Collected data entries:
□ □ □

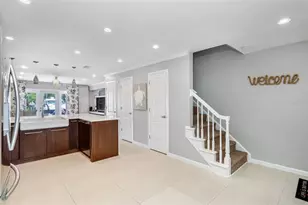 4779 Coquina Key Dr SE, Saint Petersburg, FL 33705 - Photo 18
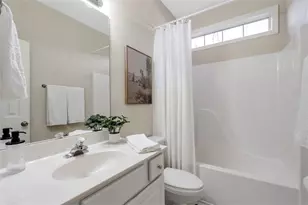 1075 Julius Dr, Suwanee, GA 30024 - Photo 16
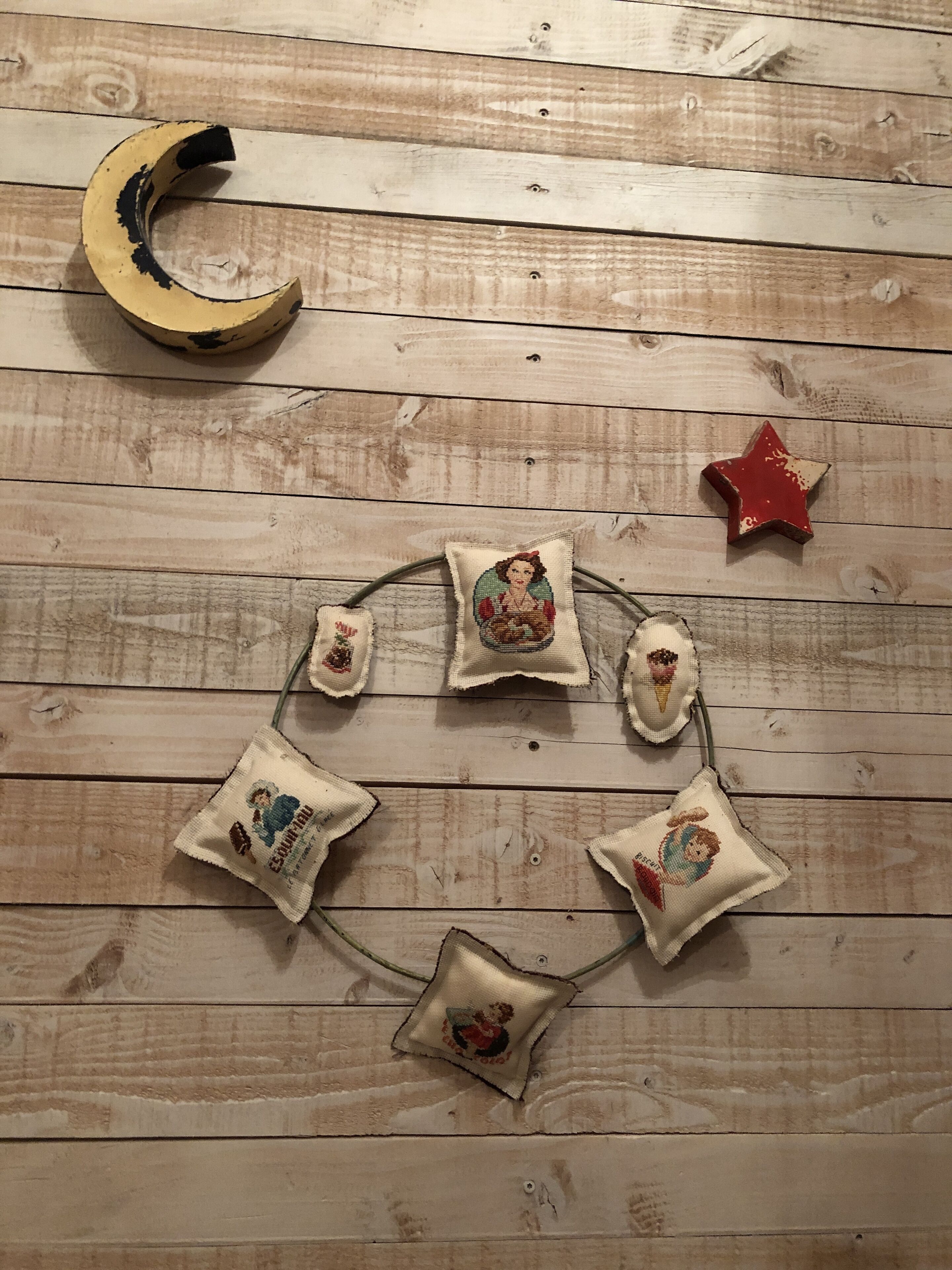 Double Room | Katil bayi/kot (surcaj), Wi-fi percuma, cadar katil 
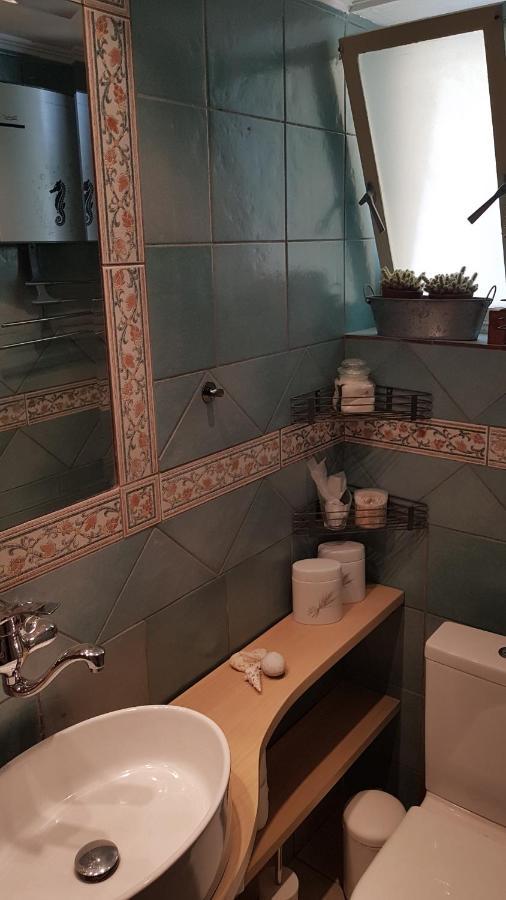 Konstantinos'S Luxury Vintage Apartment Солун Екстериор снимка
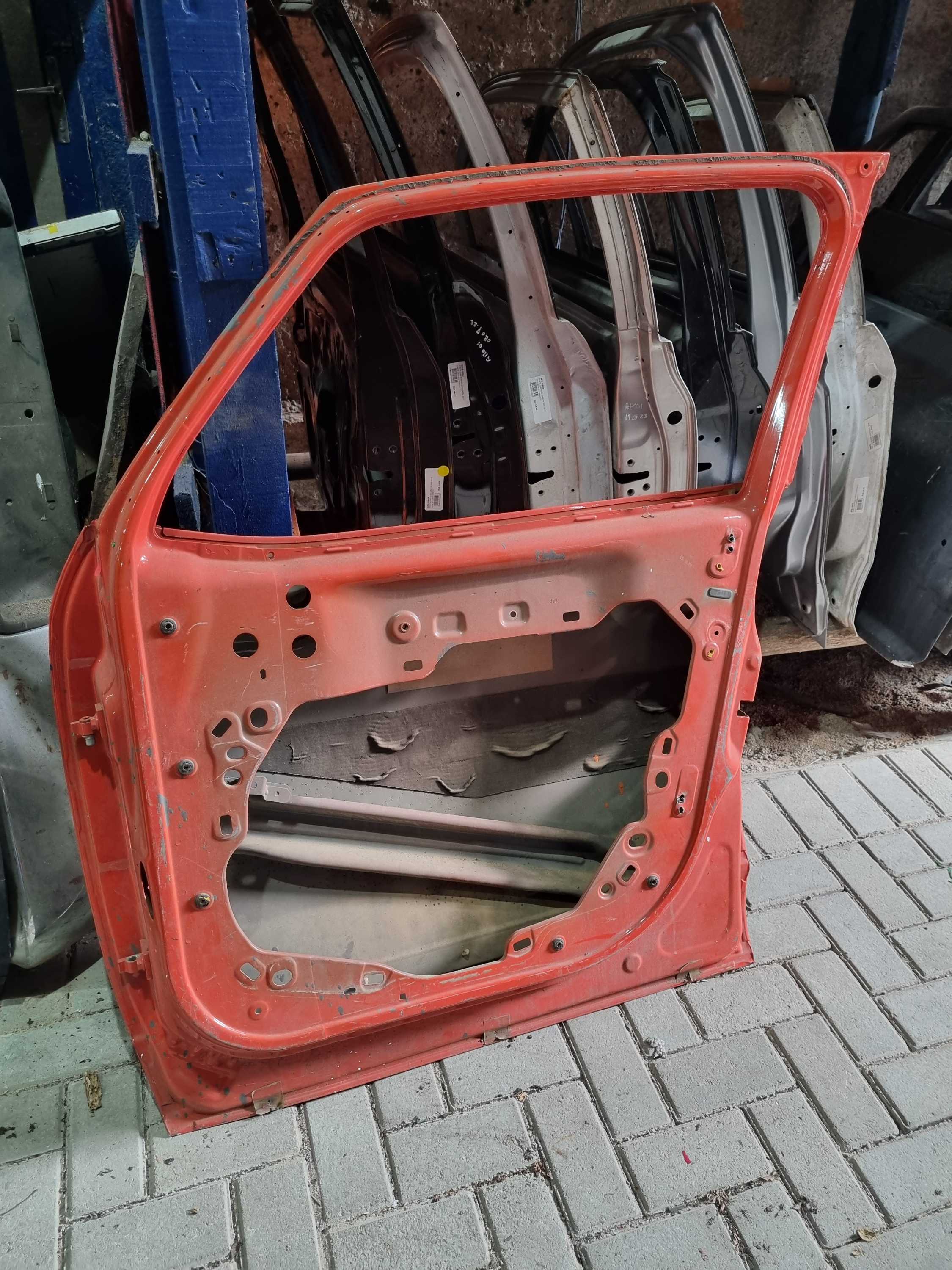 Porta dianteira lado direito recuperado Renegade 2016 / 2023 2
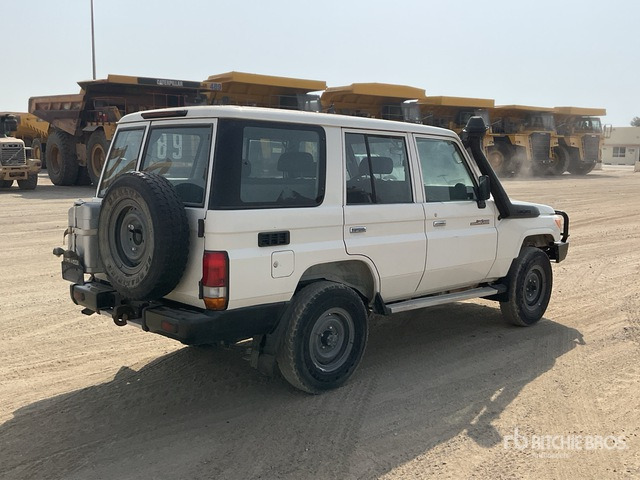 2021 Toyota Land Cruiser 76L 4x4 SUV - SUV/ Todoterreno: foto 4 2021 Toyota Land Cruiser 76L 4x4 SUV - SUV/ Todoterreno: foto 4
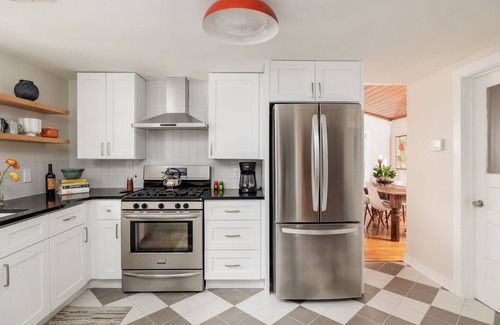 Govalle House | Prime East Side Austin | Casa & Casita Cherico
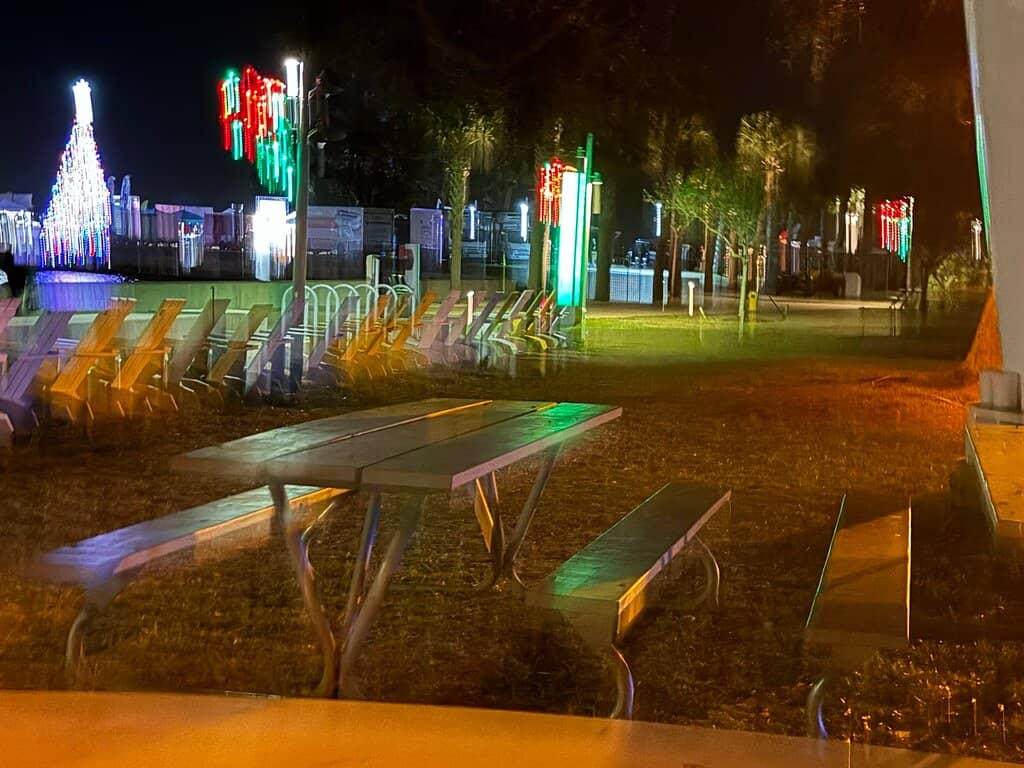 Pier Teaki Rooftop Bar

□ □ □

**Assignment:**
Pictures stay out; the entries above are to be output exactly as given.

**Output for this task:**
 4779 Coquina Key Dr SE, Saint Petersburg, FL 33705 - Photo 18
 1075 Julius Dr, Suwanee, GA 30024 - Photo 16
 Double Room | Katil bayi/kot (surcaj), Wi-fi percuma, cadar katil 
 Konstantinos'S Luxury Vintage Apartment Солун Екстериор снимка
 Porta dianteira lado direito recuperado Renegade 2016 / 2023 2
 2021 Toyota Land Cruiser 76L 4x4 SUV - SUV/ Todoterreno: foto 4 2021 Toyota Land Cruiser 76L 4x4 SUV - SUV/ Todoterreno: foto 4
 Govalle House | Prime East Side Austin | Casa & Casita Cherico
 Pier Teaki Rooftop Bar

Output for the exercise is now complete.